**Dataset section**
::::

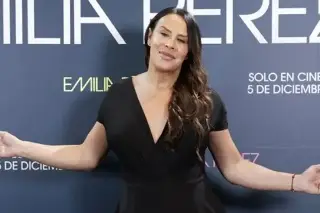 Imagen Karla Sofía Gascón protagonizará película con Vincent Gallo tras la polémica de los tuits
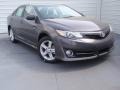 2014 Magnetic Gray Metallic Toyota Camry SE  photo #2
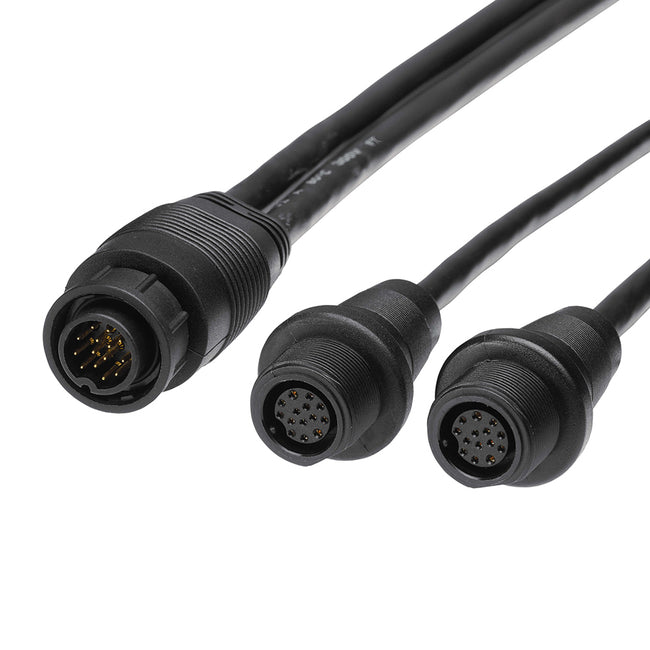 Humminbird 14-M360-2DDI-Y - Cable en Y MEGA 360 2D/MDI de 14 pines [720108-1]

::::

**What you are asked to do**
Without including any picture, repeat the data exactly.

**Task solution**
 Imagen Karla Sofía Gascón protagonizará película con Vincent Gallo tras la polémica de los tuits
 2014 Magnetic Gray Metallic Toyota Camry SE  photo #2
 Humminbird 14-M360-2DDI-Y - Cable en Y MEGA 360 2D/MDI de 14 pines [720108-1]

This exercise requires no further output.